Visualize yourself succeeding
Stay synchronized
Sleep on it
Before I left for the interview, a coworker told me to picture the interview going well. Interesting how quickly that one came up. I LOVE imagining the worst case scenario- it feeds my inner drama llama. You know I love Rescue 911 and Drama in Real Life, and one of my very favorite things to do is imagine myself in the most dire of circumstances. Apparently, that's not the healthiest or most realistic thing to do. It would be more accurate to imagine success, but that's not how we're wired, and that's one of those things that's going to require rerouting.
The synchronizing is supposed to be about maintaining control over yourself, but I really like the idea of learning to notice when others' emotions are not lining up with their behavior. I can read emotions pretty well, but I miss the contradictions in their actions, which is probably why my friends think my man radar is busted. If I could see those things, I could do something different, but that's hard when you DON'T WAAAANNNA SEEEEEE.
As for turning that around on myself, I think it would be good to think about how quickly my behavior betrays my real feelings. If it's not something I would say, maybe it's not something I should show. That seems like a good rule.
This last one is going to be much harder than I anticipated. I do not want to put it down- even temporarily. I just had a long conversation with Tracy about this at 10:00 when she was trying to go to bed. When I am ready, it's time to go, and I am immediately and completely frustrated when everyone is not on board. I cannot begin to imagine how to work on that. I wasn't even able to accept the title of the strategy. I like the author's further description better- letting the dust settle. That feels like I'm still part of the action. I cannot look away.

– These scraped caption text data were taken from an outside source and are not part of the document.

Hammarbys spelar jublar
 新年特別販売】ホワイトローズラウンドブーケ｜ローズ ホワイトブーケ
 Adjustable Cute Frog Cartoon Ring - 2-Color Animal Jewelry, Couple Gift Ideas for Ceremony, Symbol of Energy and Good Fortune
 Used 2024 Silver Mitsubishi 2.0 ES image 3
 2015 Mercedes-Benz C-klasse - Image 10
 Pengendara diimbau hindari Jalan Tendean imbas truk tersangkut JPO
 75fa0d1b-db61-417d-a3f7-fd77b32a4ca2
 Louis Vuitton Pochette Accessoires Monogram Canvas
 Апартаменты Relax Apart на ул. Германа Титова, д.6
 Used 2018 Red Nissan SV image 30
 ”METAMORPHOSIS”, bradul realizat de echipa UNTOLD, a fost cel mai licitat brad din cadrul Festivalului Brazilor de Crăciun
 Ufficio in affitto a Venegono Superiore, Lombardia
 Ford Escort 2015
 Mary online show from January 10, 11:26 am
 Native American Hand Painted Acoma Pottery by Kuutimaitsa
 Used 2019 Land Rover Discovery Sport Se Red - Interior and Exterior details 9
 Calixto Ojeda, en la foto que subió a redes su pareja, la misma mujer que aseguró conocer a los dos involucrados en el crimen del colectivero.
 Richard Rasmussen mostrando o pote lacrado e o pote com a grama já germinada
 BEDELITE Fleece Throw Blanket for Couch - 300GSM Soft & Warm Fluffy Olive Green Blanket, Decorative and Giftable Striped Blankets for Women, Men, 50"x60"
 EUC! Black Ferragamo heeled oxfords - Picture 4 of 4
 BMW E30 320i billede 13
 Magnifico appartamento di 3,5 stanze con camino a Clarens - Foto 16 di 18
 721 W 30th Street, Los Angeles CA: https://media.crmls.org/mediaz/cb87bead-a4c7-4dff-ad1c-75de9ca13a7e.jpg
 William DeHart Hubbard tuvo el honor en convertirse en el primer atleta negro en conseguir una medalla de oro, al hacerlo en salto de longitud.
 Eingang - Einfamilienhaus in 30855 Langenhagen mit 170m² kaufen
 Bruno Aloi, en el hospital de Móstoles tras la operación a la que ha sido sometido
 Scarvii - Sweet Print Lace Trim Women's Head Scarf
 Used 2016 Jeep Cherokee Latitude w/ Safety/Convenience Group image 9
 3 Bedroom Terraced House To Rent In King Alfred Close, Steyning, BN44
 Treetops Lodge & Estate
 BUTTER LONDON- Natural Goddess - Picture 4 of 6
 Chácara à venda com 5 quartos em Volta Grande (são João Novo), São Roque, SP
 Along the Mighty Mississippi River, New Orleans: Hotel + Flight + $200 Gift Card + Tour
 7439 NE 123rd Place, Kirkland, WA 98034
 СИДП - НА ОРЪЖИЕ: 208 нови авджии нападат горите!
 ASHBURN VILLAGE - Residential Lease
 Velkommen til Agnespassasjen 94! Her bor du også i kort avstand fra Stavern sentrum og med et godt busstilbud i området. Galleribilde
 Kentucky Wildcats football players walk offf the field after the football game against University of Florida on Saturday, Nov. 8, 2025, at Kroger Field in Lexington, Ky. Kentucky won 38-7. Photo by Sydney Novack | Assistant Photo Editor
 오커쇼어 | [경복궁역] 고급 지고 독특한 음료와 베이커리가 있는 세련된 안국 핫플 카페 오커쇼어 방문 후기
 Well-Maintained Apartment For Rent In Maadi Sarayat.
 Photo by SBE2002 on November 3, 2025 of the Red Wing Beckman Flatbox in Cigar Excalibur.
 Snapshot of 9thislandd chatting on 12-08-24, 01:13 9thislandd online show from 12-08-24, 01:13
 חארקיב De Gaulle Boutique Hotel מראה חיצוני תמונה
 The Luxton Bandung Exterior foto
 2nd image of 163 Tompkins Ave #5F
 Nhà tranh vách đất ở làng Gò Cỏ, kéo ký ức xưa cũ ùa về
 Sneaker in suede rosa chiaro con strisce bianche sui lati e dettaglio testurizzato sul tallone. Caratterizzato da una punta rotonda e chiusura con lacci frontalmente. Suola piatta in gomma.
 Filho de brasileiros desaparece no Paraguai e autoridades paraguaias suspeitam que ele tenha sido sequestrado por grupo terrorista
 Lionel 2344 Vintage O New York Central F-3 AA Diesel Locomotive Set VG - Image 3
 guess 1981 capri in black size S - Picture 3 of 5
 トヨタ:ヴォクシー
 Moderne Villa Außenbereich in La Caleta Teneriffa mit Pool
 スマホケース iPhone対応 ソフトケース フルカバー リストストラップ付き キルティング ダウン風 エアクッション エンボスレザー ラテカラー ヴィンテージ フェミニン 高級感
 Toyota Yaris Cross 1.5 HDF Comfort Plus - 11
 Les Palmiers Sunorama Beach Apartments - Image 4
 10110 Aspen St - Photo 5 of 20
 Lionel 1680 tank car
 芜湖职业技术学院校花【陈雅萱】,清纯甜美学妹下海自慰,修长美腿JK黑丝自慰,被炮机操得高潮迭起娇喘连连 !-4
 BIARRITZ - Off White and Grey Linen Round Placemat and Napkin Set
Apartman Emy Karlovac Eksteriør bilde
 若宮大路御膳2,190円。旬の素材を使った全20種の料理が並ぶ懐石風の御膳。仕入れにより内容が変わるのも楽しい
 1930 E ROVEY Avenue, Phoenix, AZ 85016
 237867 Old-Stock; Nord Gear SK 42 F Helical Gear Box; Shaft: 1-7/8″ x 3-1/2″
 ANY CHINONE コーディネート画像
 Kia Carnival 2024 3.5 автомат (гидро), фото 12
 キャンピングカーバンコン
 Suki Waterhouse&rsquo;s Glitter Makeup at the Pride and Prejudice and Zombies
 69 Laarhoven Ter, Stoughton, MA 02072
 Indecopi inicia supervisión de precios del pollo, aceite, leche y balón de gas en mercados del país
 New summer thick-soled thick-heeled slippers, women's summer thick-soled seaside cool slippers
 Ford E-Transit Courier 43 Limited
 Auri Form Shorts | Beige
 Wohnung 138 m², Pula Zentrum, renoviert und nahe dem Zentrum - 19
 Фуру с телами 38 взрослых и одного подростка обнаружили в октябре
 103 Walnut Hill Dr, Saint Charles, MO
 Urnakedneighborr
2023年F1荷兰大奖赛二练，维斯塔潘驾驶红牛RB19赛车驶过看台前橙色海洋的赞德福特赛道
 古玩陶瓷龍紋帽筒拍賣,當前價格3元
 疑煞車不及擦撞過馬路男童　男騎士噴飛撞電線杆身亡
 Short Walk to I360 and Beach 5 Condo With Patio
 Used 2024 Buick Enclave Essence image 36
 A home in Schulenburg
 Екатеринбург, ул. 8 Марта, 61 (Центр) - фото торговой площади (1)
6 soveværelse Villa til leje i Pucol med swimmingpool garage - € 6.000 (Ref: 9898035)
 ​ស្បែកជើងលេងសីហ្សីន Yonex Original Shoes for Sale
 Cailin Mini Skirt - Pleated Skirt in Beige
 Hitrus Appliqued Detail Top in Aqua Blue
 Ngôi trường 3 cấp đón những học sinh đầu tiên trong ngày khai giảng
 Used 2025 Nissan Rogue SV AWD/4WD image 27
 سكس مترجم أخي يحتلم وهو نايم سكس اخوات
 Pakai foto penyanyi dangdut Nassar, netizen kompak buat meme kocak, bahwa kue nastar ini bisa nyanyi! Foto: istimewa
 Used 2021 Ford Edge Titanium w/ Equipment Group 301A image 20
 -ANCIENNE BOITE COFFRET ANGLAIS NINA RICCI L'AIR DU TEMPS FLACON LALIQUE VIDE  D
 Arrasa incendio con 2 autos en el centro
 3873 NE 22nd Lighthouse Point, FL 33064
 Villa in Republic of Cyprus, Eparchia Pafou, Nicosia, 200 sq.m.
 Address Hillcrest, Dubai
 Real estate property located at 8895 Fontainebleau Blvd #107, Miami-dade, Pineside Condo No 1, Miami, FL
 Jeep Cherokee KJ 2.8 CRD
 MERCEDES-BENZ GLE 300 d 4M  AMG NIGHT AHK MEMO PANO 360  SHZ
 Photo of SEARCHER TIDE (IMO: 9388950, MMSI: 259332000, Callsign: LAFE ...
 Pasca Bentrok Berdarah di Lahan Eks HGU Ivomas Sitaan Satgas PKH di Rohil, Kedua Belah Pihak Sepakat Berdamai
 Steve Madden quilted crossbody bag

This does not feel fair. I am just extraordinarily impatient?! I don't feel like an impatient person. It's true that I would rather start moving furniture than measure, but that's because I can't see it until I try it. I'm not good with projects that require chipping. I'd rather try dynamite. I wonder if the project problem is just that I never learned how to manage them. I like doing puzzles, but it borders on obsession- I can barely drag myself away for inconveniences like sleep and work until it is done. Maybe that's not fair either- what if I had a puzzle room? What if I could close the door and not have to worry about it being covered in weekly debris or cat vomit?
I know I am not a disciplined person. I don't know if it's possible to become one. My therapist says no, and that I'd be better off by accepting my messy self, stop making so many lists, and just taking advantage of the productivity when it hits. Maybe also try to make life easier as is rather than always seeking an overhaul. But what if I LIKE overhauls!
I would like to write, and I have some really good ideas, but I can't seem to structure my days. That sounds so productive and also so BORING. Plus I have about twelve other things I'm supposed to be doing every day- what gets priority? Should I start getting ready for bed as soon as I'm done getting things ready for the next day?
I am gone a lot. I am back to sports three nights a week, and I'm trying to add more. I've got friends who want to rally, and I want to walk, do yoga, and get knocked down in a martial arts class. I want to take drum lessons and a writing class, start submitting writing and volunteering to edit. I want to go out with friends and meet more stupid, disappointing men. You'd forgive me for that if you knew the details. I want to make things and grow things and learn things and see things and this goddamn job takes up too much of my world, so it's past time to find a way to get paid to spend my time how I want.
If they don't see my worth for this job, it's probably for the best, and all that means is I have to find my own damn path. That wasn't much of a surprise, was it? But I am still without the key, which is to figure out how to channel all this energy and intention into daily steps towards those big, big goals.